**WORK ITEM:** Within the records below, reproduce without change the lines from the line that has "Casquette de performance" through the line that has "LGBT Pride T", and only those.

**Data extracted from a collection:**
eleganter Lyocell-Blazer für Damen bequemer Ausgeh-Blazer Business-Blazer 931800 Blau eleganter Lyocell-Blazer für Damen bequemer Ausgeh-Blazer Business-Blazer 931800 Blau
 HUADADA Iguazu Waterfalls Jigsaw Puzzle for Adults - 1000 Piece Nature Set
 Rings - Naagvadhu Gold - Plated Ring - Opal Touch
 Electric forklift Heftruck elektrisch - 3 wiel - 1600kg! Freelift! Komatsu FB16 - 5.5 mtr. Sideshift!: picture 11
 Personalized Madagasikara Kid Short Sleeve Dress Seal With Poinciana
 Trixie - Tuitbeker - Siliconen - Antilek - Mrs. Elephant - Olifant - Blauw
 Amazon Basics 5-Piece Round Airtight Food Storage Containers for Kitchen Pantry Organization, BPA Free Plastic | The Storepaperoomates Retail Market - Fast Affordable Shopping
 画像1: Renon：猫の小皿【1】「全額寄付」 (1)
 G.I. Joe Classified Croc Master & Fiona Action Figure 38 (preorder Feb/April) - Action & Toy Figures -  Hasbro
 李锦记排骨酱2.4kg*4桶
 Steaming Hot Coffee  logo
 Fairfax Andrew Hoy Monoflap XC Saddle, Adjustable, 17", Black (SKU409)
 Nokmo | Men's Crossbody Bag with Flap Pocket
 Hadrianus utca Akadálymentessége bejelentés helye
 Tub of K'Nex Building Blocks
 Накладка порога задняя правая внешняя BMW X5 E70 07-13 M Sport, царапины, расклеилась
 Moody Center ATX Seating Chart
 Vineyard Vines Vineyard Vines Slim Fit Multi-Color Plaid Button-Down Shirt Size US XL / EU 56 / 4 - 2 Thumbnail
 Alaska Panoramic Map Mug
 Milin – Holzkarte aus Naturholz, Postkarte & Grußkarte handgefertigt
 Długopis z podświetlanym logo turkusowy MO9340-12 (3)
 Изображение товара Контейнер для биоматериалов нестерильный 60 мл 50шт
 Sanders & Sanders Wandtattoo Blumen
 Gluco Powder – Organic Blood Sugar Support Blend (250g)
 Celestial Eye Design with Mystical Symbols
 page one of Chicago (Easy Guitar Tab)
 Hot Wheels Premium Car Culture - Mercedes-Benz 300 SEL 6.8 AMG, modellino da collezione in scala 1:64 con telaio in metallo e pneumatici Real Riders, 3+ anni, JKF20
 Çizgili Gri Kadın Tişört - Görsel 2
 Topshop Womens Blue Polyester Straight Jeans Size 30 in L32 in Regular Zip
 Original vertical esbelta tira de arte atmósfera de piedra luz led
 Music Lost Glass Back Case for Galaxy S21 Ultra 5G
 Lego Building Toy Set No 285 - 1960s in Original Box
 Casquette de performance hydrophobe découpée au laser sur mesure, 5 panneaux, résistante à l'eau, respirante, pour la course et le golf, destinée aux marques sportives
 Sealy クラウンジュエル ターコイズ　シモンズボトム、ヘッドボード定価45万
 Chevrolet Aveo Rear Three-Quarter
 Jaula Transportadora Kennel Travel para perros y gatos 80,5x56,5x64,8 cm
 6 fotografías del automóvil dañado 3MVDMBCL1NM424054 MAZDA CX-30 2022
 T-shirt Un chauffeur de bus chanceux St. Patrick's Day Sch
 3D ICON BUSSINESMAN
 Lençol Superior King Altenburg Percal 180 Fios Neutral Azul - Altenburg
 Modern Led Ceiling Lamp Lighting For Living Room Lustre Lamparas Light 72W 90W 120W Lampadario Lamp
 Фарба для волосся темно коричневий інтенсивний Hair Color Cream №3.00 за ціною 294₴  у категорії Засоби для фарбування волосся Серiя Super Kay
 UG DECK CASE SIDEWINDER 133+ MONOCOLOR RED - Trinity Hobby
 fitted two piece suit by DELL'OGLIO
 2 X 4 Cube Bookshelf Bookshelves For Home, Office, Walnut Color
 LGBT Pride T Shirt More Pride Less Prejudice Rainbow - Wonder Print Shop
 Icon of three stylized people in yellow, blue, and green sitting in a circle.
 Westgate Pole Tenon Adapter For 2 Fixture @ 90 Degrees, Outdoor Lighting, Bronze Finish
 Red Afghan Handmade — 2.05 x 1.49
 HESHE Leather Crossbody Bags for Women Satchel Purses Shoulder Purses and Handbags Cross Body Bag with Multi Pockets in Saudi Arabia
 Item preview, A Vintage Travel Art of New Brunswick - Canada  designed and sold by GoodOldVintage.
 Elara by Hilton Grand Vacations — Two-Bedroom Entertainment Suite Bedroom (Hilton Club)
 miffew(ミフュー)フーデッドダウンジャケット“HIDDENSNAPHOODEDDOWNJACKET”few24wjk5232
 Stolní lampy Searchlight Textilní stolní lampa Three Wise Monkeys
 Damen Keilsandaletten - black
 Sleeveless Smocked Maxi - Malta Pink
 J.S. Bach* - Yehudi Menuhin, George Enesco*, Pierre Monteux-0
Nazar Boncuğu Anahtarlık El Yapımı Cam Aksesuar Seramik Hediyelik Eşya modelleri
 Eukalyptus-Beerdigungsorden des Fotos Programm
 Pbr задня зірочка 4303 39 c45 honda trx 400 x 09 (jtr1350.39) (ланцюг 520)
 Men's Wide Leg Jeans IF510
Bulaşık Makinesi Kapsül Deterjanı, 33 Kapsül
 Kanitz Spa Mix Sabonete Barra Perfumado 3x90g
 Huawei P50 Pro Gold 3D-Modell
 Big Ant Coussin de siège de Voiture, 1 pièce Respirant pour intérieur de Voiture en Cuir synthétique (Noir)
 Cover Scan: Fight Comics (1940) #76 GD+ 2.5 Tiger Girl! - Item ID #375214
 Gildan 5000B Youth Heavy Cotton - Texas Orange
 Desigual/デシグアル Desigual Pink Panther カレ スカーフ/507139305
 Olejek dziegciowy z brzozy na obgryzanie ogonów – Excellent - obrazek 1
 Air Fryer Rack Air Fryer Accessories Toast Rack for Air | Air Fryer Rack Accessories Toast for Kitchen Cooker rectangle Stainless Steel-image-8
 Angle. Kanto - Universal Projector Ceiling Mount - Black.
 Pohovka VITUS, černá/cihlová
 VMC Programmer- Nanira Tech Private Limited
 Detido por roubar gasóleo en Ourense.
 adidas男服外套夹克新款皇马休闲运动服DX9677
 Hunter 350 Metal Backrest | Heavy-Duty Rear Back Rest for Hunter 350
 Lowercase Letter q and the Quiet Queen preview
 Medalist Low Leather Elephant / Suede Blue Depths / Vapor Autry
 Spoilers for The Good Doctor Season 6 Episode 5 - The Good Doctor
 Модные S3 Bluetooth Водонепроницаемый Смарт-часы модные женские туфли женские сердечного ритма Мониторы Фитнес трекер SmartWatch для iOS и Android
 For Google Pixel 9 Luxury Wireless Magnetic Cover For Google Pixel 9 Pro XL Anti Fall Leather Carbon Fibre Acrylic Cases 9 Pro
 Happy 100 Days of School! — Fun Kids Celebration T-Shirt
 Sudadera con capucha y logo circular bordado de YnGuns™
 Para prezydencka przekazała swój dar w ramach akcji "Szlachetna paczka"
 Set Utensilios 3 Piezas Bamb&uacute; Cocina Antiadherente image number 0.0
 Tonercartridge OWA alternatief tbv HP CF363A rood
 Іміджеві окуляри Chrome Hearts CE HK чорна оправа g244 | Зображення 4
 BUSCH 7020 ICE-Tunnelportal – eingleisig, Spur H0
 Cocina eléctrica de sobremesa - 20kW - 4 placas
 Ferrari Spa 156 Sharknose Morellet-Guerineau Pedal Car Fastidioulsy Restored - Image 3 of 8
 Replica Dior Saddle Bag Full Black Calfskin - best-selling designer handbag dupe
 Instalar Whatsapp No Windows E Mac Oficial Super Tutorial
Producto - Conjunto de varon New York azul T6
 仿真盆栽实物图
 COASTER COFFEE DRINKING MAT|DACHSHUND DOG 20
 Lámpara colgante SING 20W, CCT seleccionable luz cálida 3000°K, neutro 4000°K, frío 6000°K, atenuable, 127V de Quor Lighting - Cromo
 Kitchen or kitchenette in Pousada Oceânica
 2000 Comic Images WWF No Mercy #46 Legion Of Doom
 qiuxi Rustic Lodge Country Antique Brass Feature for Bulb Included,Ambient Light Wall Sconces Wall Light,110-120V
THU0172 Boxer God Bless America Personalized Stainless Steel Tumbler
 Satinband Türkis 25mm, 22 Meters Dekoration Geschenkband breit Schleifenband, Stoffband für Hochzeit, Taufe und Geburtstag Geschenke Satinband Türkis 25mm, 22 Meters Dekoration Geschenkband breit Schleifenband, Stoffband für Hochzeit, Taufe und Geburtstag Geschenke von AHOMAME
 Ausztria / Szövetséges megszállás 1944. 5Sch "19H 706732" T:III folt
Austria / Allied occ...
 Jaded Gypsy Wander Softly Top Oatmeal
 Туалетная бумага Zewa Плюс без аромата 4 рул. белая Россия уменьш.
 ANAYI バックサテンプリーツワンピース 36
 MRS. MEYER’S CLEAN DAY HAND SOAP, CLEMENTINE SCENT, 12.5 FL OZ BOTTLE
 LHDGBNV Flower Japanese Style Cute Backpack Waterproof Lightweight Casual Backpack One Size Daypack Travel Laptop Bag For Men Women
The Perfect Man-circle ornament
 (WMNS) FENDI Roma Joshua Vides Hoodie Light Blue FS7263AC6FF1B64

**TASK RESPONSE:**
 Casquette de performance hydrophobe découpée au laser sur mesure, 5 panneaux, résistante à l'eau, respirante, pour la course et le golf, destinée aux marques sportives
 Sealy クラウンジュエル ターコイズ　シモンズボトム、ヘッドボード定価45万
 Chevrolet Aveo Rear Three-Quarter
 Jaula Transportadora Kennel Travel para perros y gatos 80,5x56,5x64,8 cm
 6 fotografías del automóvil dañado 3MVDMBCL1NM424054 MAZDA CX-30 2022
 T-shirt Un chauffeur de bus chanceux St. Patrick's Day Sch
 3D ICON BUSSINESMAN
 Lençol Superior King Altenburg Percal 180 Fios Neutral Azul - Altenburg
 Modern Led Ceiling Lamp Lighting For Living Room Lustre Lamparas Light 72W 90W 120W Lampadario Lamp
 Фарба для волосся темно коричневий інтенсивний Hair Color Cream №3.00 за ціною 294₴  у категорії Засоби для фарбування волосся Серiя Super Kay
 UG DECK CASE SIDEWINDER 133+ MONOCOLOR RED - Trinity Hobby
 fitted two piece suit by DELL'OGLIO
 2 X 4 Cube Bookshelf Bookshelves For Home, Office, Walnut Color
 LGBT Pride T Shirt More Pride Less Prejudice Rainbow - Wonder Print Shop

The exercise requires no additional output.